### SUPPLIED DATA
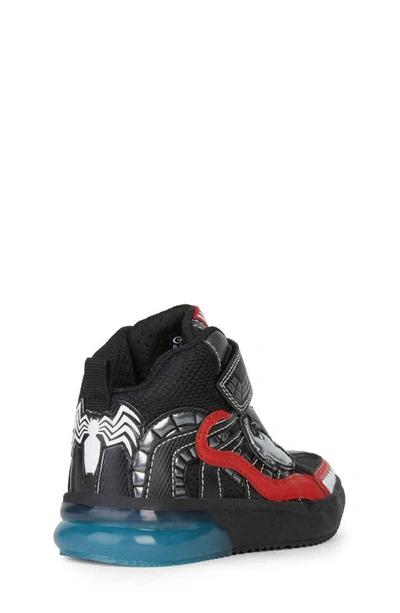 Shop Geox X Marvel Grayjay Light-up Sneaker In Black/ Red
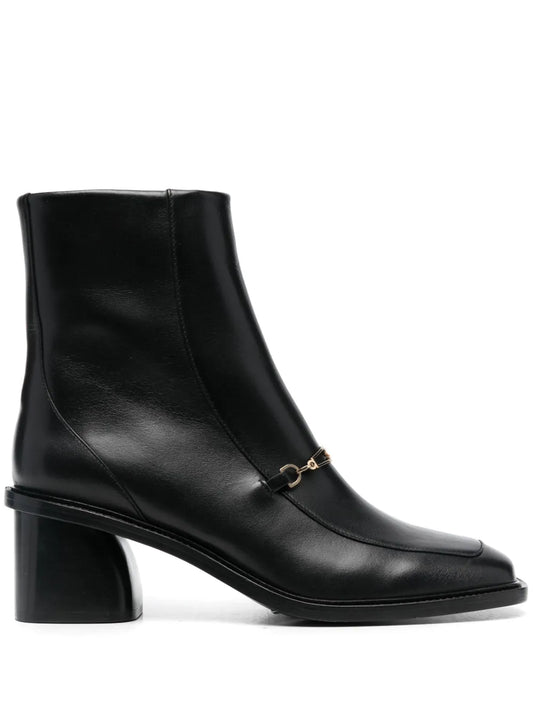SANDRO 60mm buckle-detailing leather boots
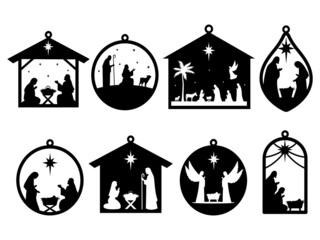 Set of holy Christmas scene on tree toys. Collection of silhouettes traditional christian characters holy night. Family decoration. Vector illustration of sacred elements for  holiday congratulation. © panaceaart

### TASK
Any picture in the material is to be left out, and everything else is to be retyped as is.

### WRITTEN RESPONSE
 Shop Geox X Marvel Grayjay Light-up Sneaker In Black/ Red
SANDRO 60mm buckle-detailing leather boots
 Set of holy Christmas scene on tree toys. Collection of silhouettes traditional christian characters holy night. Family decoration. Vector illustration of sacred elements for  holiday congratulation. © panaceaart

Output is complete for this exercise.